Pancasila dan Gereja, Inilah Keterkaitannya yang Perlu Anda Tahu
Presiden Joko Widodo (Jokowi) telah menetapkan 1 Juni sebagai Hari Lahir Pancasila dalam penutupan pidatonya di Gedung
Oleh: Pdt. Yuda D. Hawu Haba, M.Th
Melayani di Kantor Sinode, Bagian Perencanaan Penelitian dan Pengembangan Pelayanan Sinode: BPPPPS -GMIT
POS KUPANG.COM - Presiden Joko Widodo (Jokowi) telah menetapkan 1 Juni sebagai Hari Lahir Pancasila dalam penutupan pidatonya di Gedung Merdeka, Bandung, Jawa Barat, Rabu (1/6/2016) pukul 11.10 WIB. Mengapa demikian dan bagaimana kisahnya?

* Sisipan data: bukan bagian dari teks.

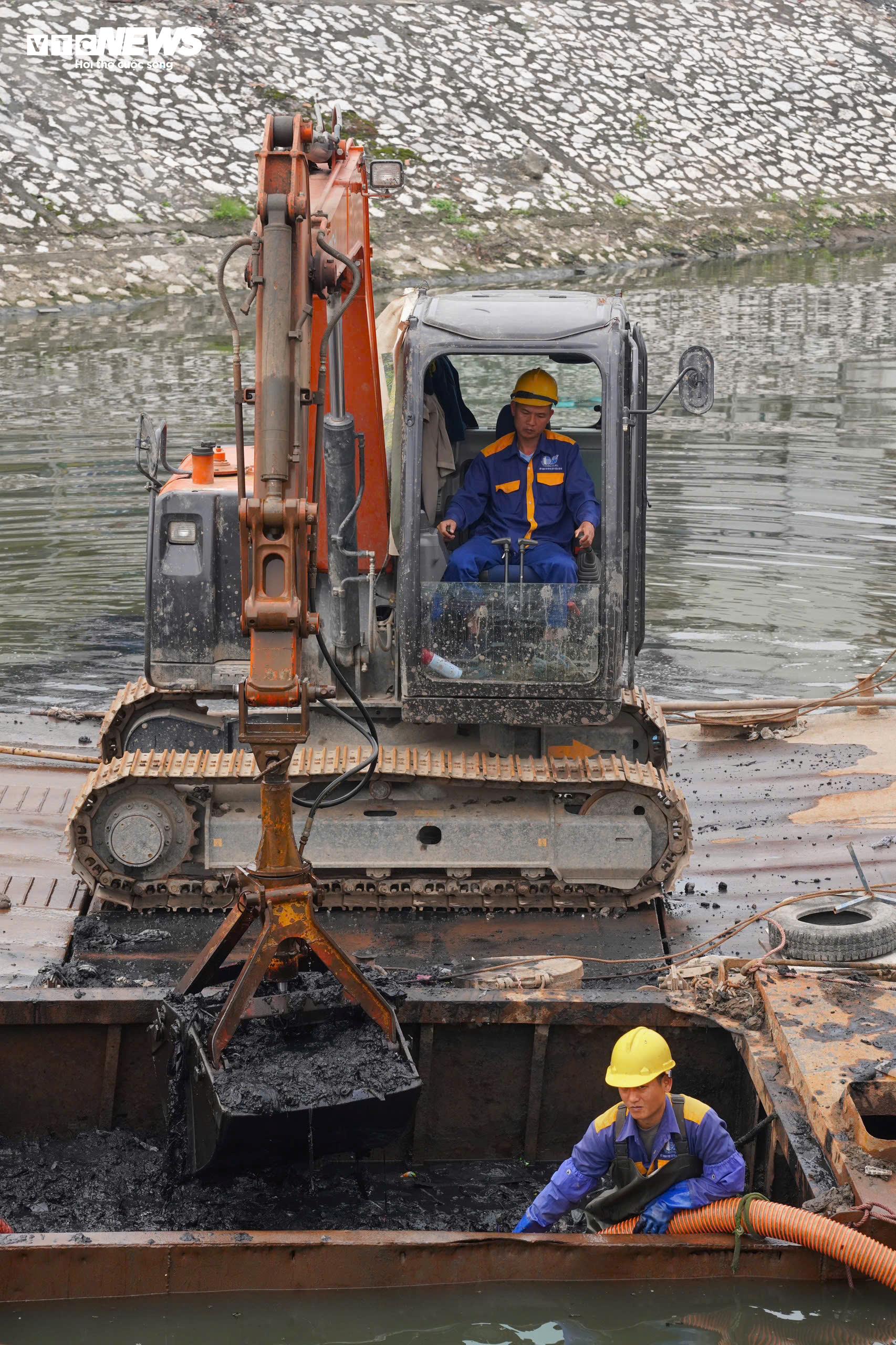 Dưới lòng sông Kim Ngưu, một máy xúc gầu ngoạm được bố trí trên phao nổi để múc bùn. Bên cạnh đó là thuyền sắt phục vụ công nhân tiếp cận khu vực thi công. Một công nhân trực tiếp giữ ống hút dưới nước, phối hợp với tổ vận hành trên bờ để hút bùn thải vào các xe téc chờ sẵn, đưa đi xử lý.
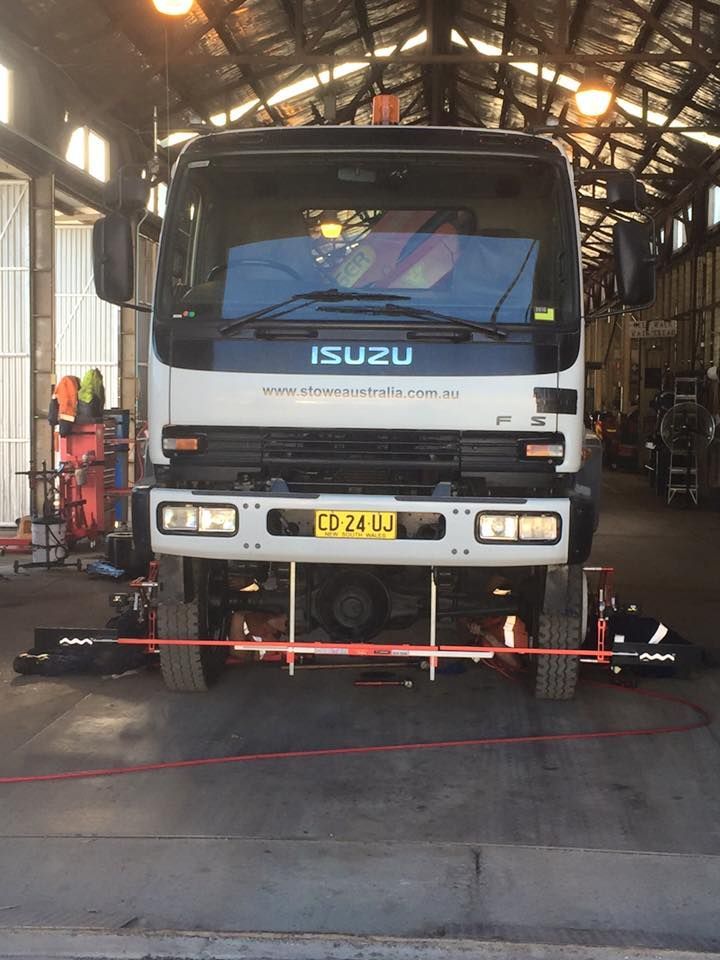 Front view of an Isuzu Truck Undergoing Wheel Alignment Inside A Workshop, With Alignment Equipment In Use — BDM Heavy Vehicle Repairs In Wauchope, NSW
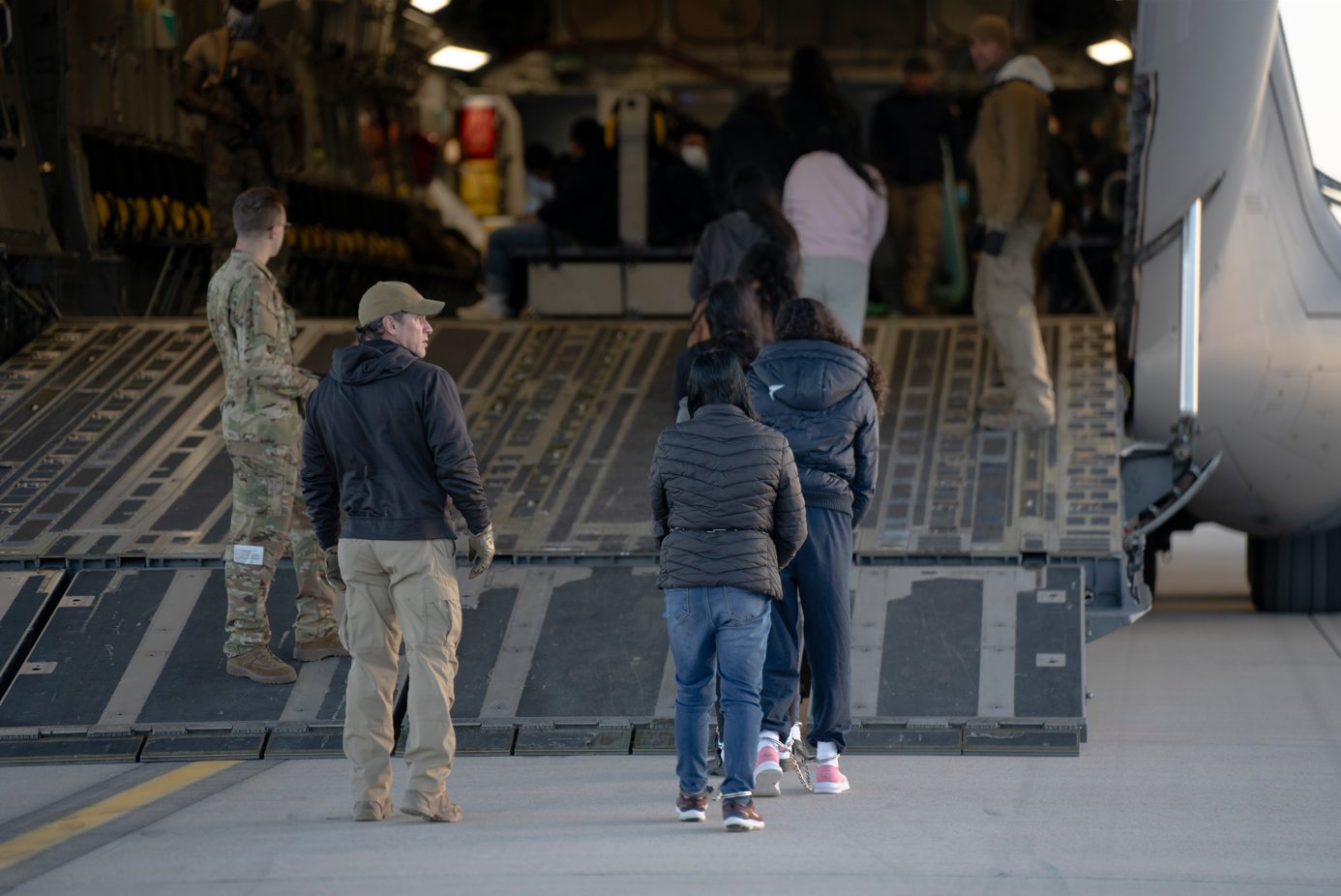 Migrants Alleged illegal migrants, handcuffed and chained, board a USAF aircraft. (X/US Air Force)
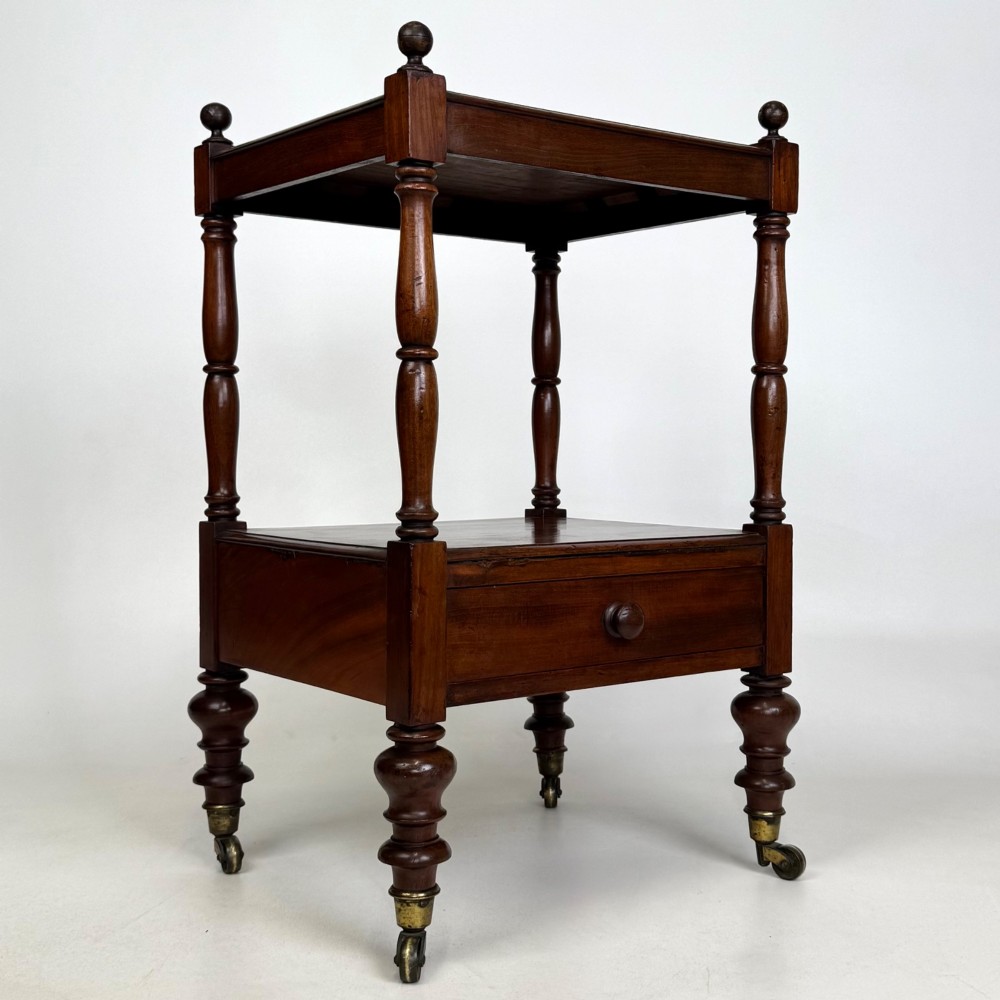 A Victorian mahogany two-tiered stand featuring turned corner supports, top finials, a lower single drawer with a round wooden knob, and brass castors. View VIII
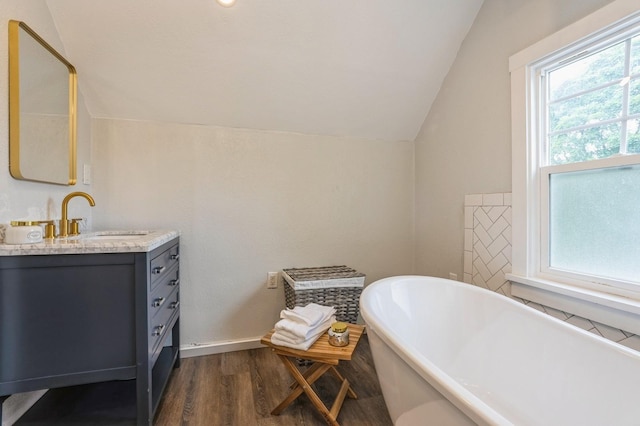 140 N 7th St, Carlisle, IA 50047 - bathroom featuring vaulted ceiling, vanity, a freestanding bath, and wood finished floors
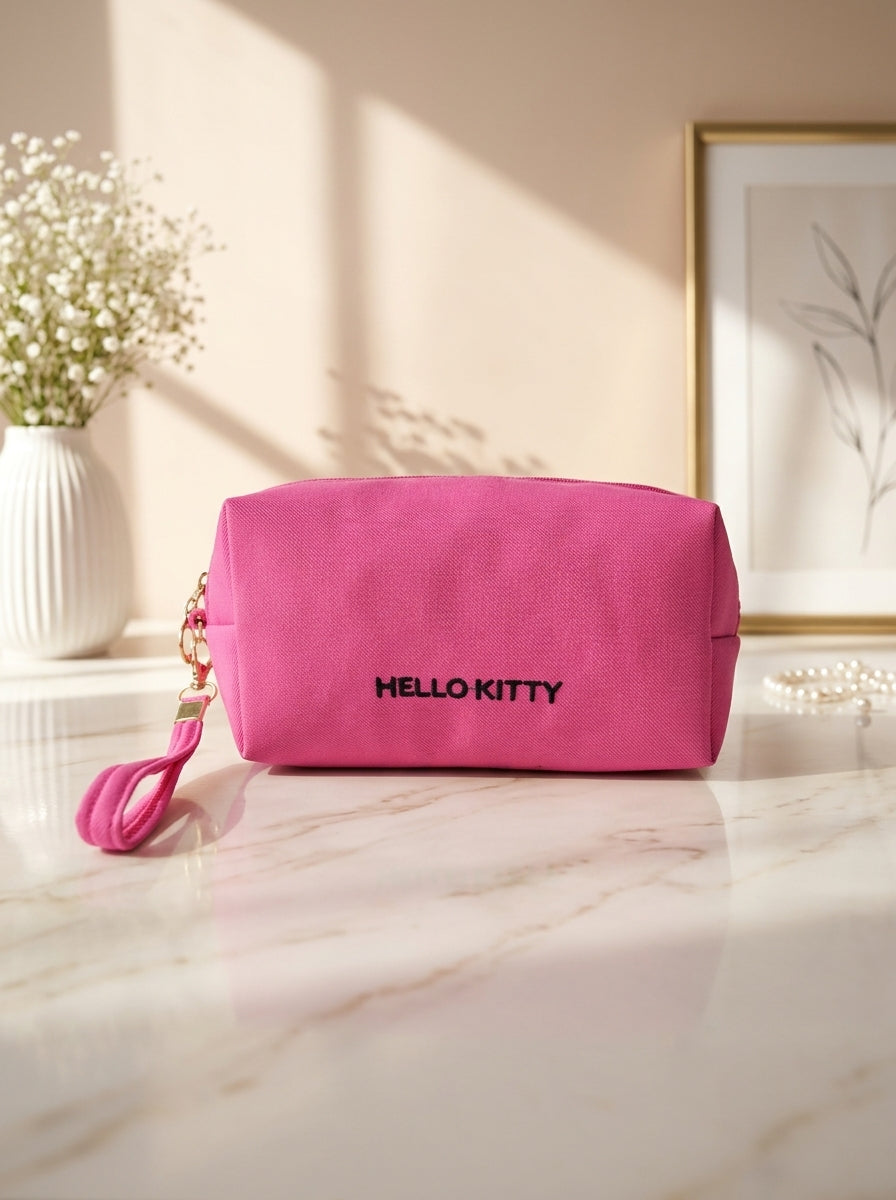Hello Kitty canvas cosmetic pouch in magenta, front text logo and zipper closure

Istilah "Pancasila" berasal dari bahasa Sansekerta di India (bahasa kasta Brahmana). Menurut Muhammad Yamin, kata "Pancasila" memiliki arti leksikal yakni: "panca" artinya "lima" "syila" artinya "batu sendi", "alas", "dasar", "peraturan tingkah laku yang baik, yang penting atau yang senonoh". Kata-kata tersebut kemudian dialihkan ke dalam bahasa Indonesia (Jawa) yakni "susila" yang berkaitan dengan moralitas. Istilah "Panca Syila" maknanya "berbatu sendi lima" atau secara harafiah berarti "dasar yang memiliki lima unsur".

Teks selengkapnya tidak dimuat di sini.